III.3.2. Polysémie et « double sens »

Le publicitaire utilise la polysémie pour transmettre une double information. Avec cette expression implicite et discrète, l’objectif du publicitaire est de stimuler l’imagination des lecteurs. Comme le dit Catherine Kerbrat-Orecchioni, « on a donc plusieurs signifiés pour un seul et même signifiant, mais la formule est ambiguë: un seul signifiant, cela peut vouloir dire : deux ou plus occurrences d’un même signifiant, un seul mot-type, plusieurs mots-occurrences 54 Voyons quelques exemples :

爱打才会赢 (publicité pour la filiale du Guangdong de Telecom Chine)
[ai da cai hui ying]
(Qui aime téléphoner peut gagner)

Telecom Chine se développe rapidement. Une grande variété de promotion de services de Telecom est fréquemment lancée à l’échelle nationale. Ici, le slogan est proposé par la filiale du Guangdong de Telecom Chine, son objectif étant d’encourager ses clients à profiter de cette promotion de services.

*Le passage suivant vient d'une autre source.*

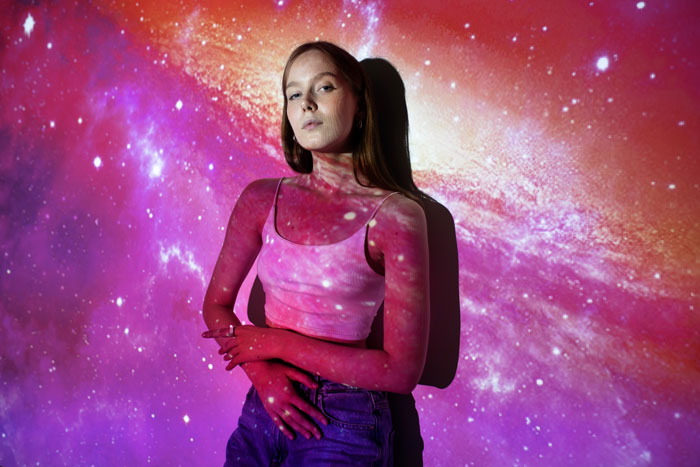A woman with a galaxy projected onto her, representing nebulasexual identity within the LGBT community. A woman with a galaxy projected onto her, representing nebulasexual identity within the LGBT community.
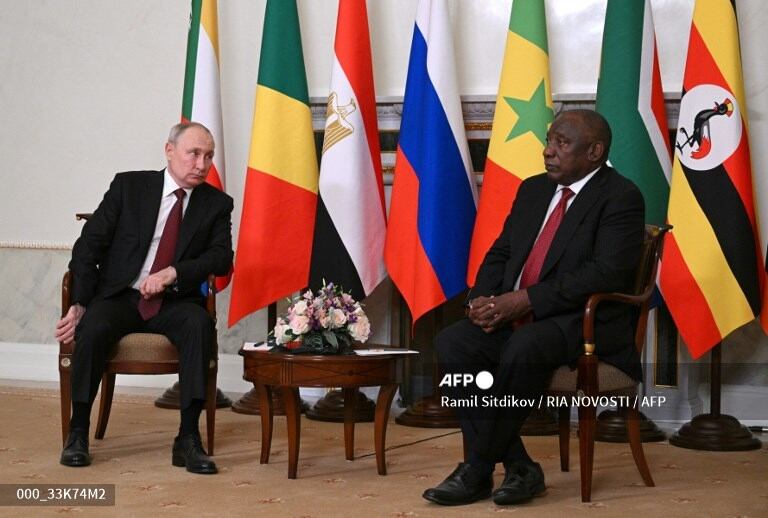 This handout photograph taken and released by RIA Novosti on June 17, 2023, shows Russian President Vladimir Putin (L) and South Africa's President Cyril Ramaphosa (R) during their meeting at the Constantine (Konstantinovsky) Palace in Strelna, outside Saint Petersburg. (Photo by Ramil Sitdikov / RIA NOVOSTI / AFP)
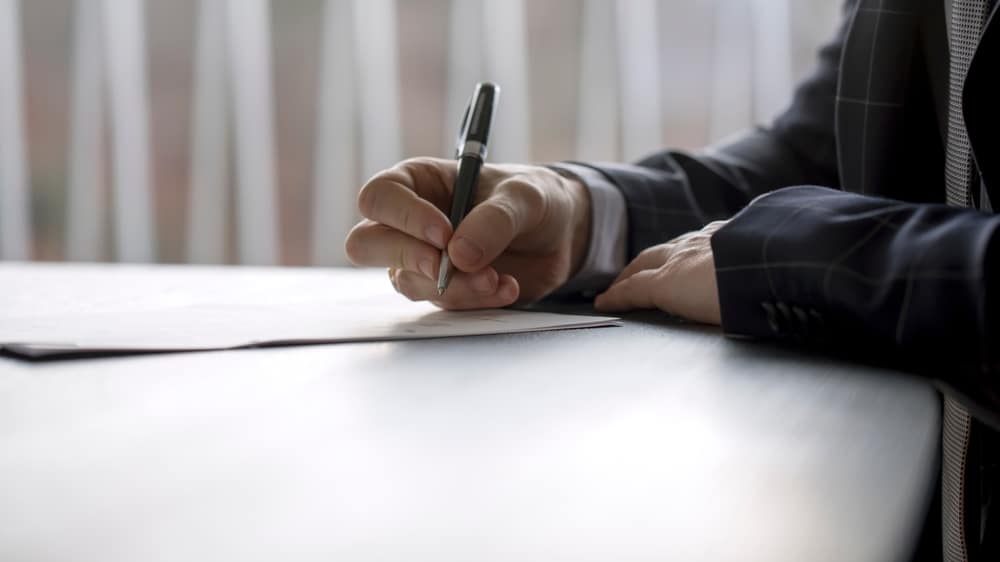 Photo of a person filling papers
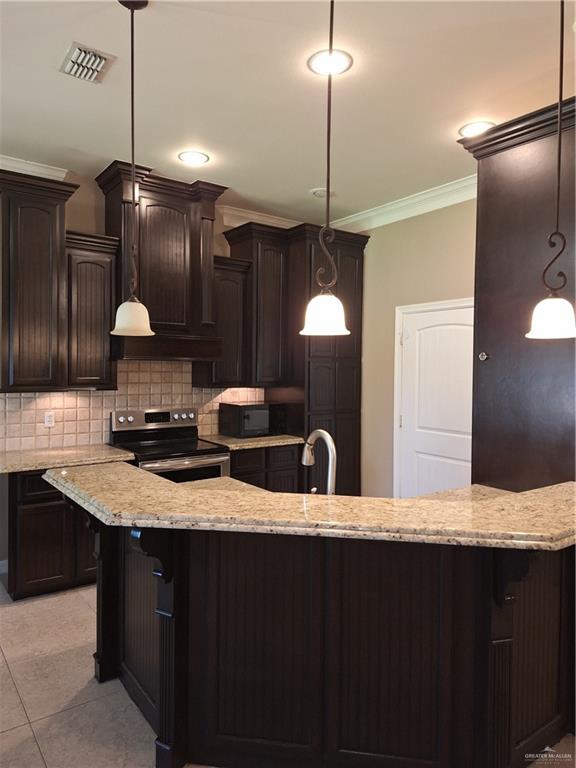 2212 North Ruby Street Edinburg, TX 78541 - Photo 9 of 11 Kitchen featuring a breakfast bar area, light stone counters, range, tasteful backsplash, and ornamental molding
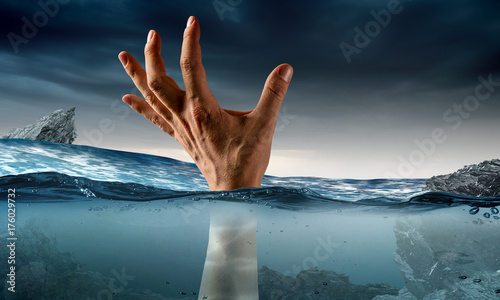 Hand of person drowning in water photo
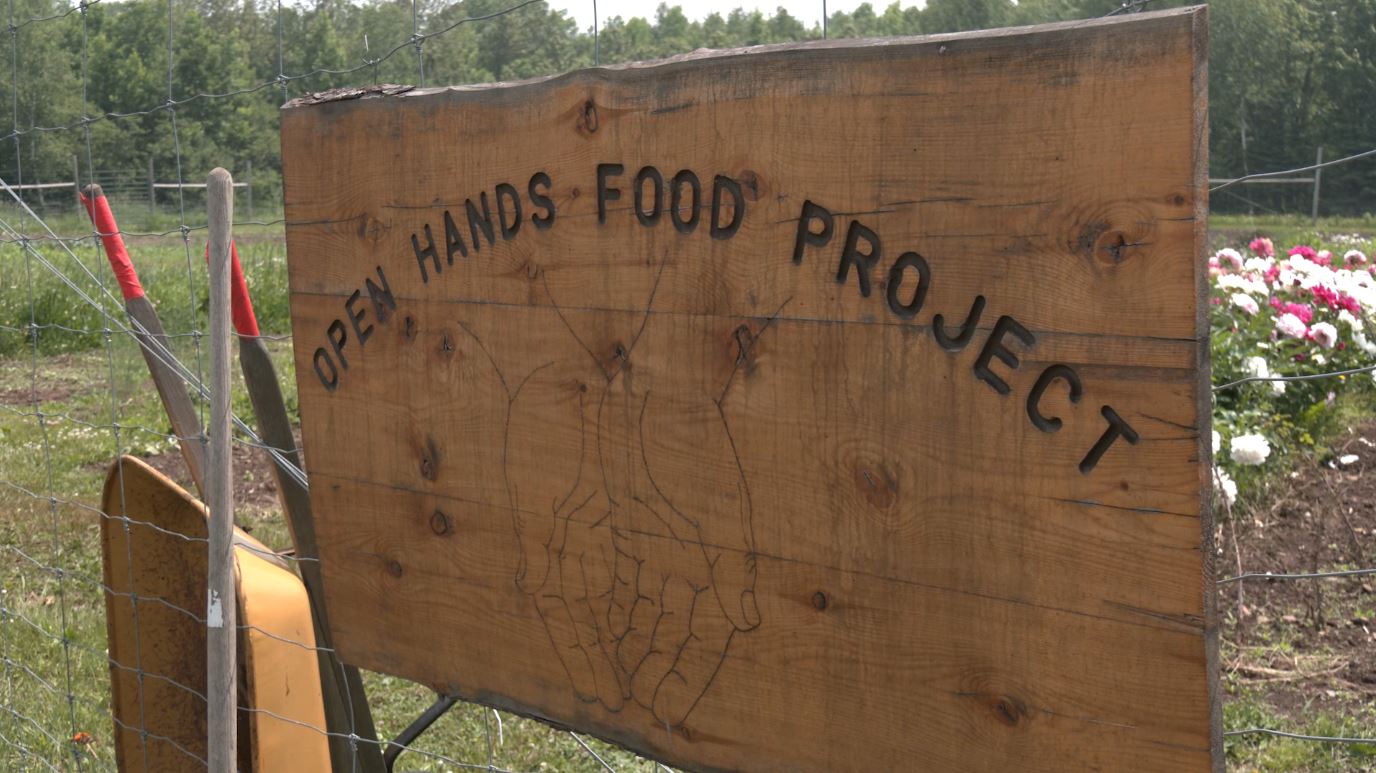 The "Open Hands Food Project" sign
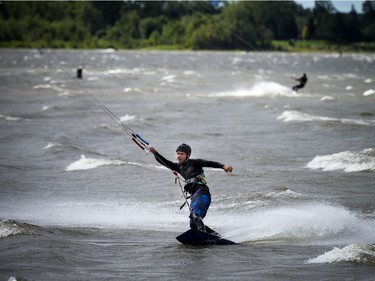 High winds brought the kiteboarders and windsurfers out to the Ottawa River just out from Britannia Beach Sunday September 11, 2016.   Ashley Fraser / Postmedia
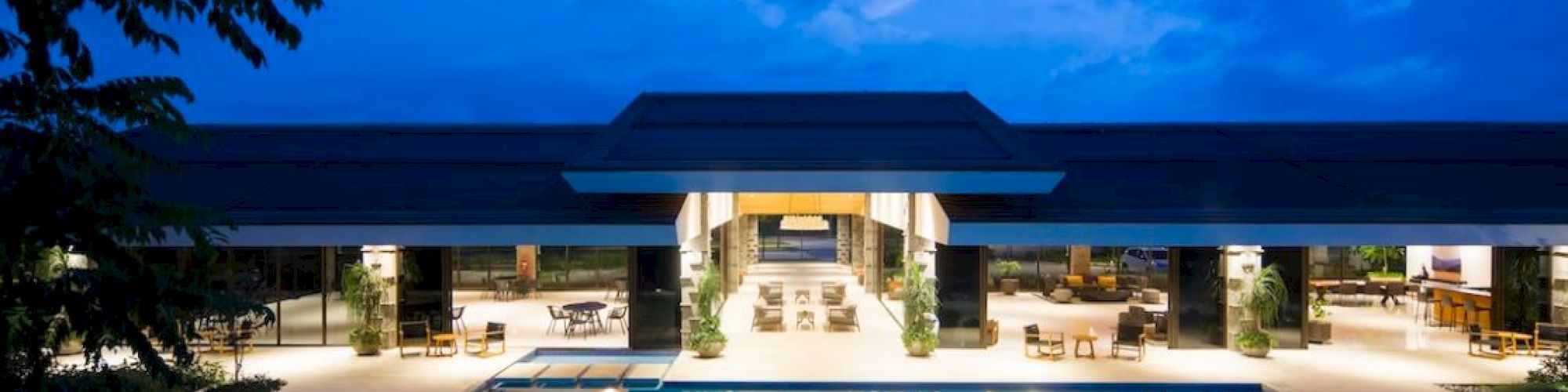A luxurious modern building with a large outdoor pool is lit up against a twilight sky, creating a serene and inviting ambiance.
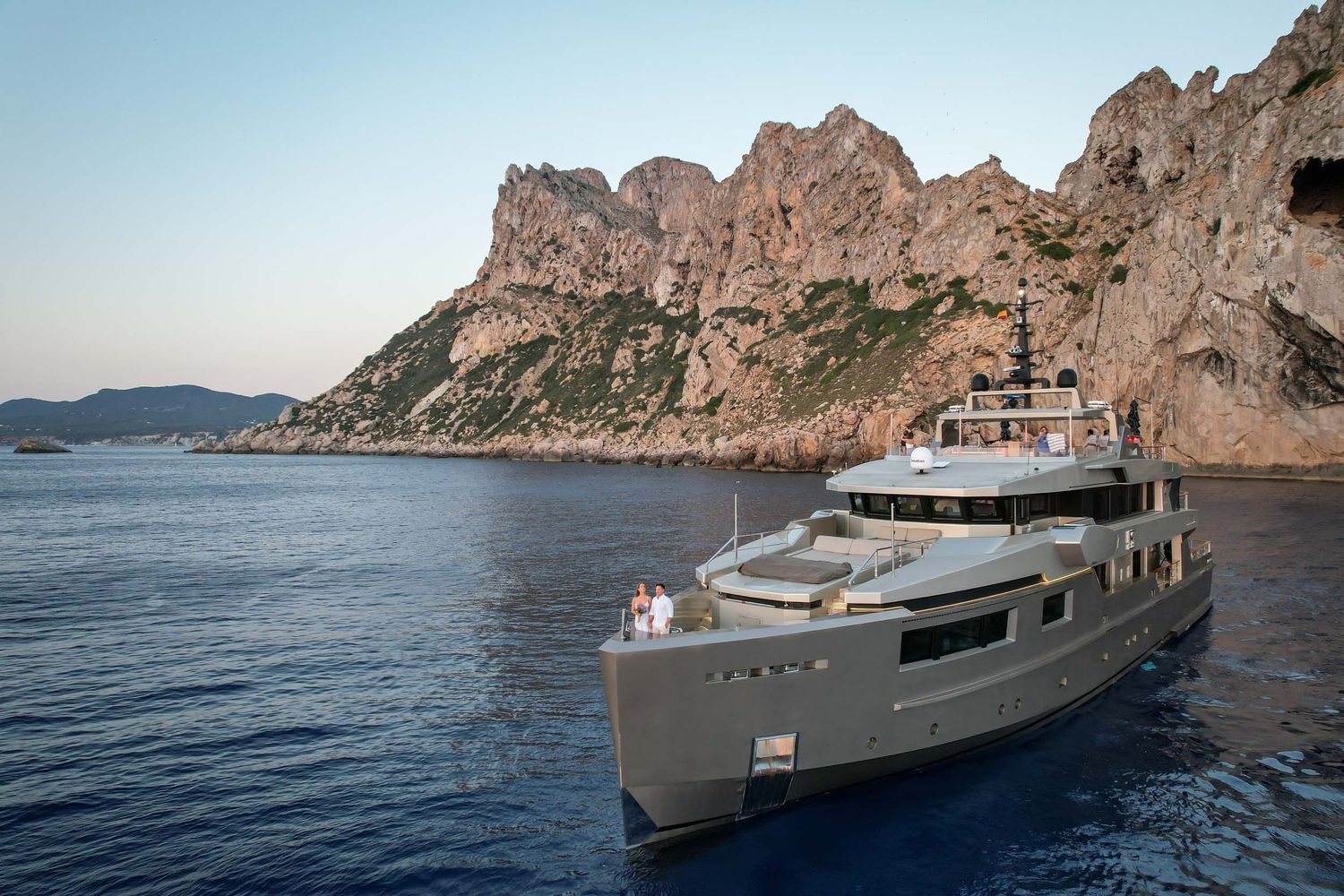 Drone view of bride and groom eloping on a luxury yacht with Es Vedra in the background, Ibiza.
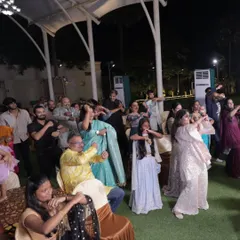 A group of guests learning a spontaneous dance routine at a Haldi and Sangeet event in Tuticorin. I can provide on-the-spot choreography to get everyone involved.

En chinois, le verbe 打« Da » (frapper) s’emploie dans beaucoup d’expressions. Par exemple, 打牌 « Da pai » (jouer aux cartes), 打扰 « Da rao » (déranger), 打听 « Da ting » (se renseigner), 打字« Da zi » (dactylographier), 打电话 « Da dian hua » (téléphoner), Da bi sai « 打比赛» (faire un match), etc.

Dans la publicité étudiée ici, le rédactionnel a bien fait un jeu de mots en profitant du double sens du verbe « Da » (jouer, téléphoner). En chinois, le caractère « Da » est polysémique. En d’autres termes, le premier sens de ce slogan signifie que plus on joue au football, plus on a de chances de gagner. Le second sens est plus on téléphone, plus on économise.

Hmm, la Noblesse a du goût ! (Publicité pour Hippopotamus)
Un bon morceau de beefsteak grillé estampillé Charolais.

Premier sens :

Le charolais est une race de bœufs élevés dans les prés de la région du Charolais (au centre de la France) et un symbole de tradition, de naturel et d’excellence de qualité.

Second sens :

Le second sens joue sur le bon goût réputé de la noblesse, c'est-à-dire l’art de vivre avec élégance et raffinement et donc de savoir « de naissance » ce qui est bon.

La chaîne de restaurants Hippopotamus, comme on le sait, est spécialisée dans les viandes de bœuf. Sa publicité joue sur un double sens :

La Noblesse: 1) la viande est noble, c'est-à-dire d’origine garantie. Ce qui est exprimé par l’estampillage d’une couronne. 2) Elle a un goût excellent, c’est une viande pour les gens de qualité. Surtout, le restaurant Hippopotamus est pour les gens de qualité.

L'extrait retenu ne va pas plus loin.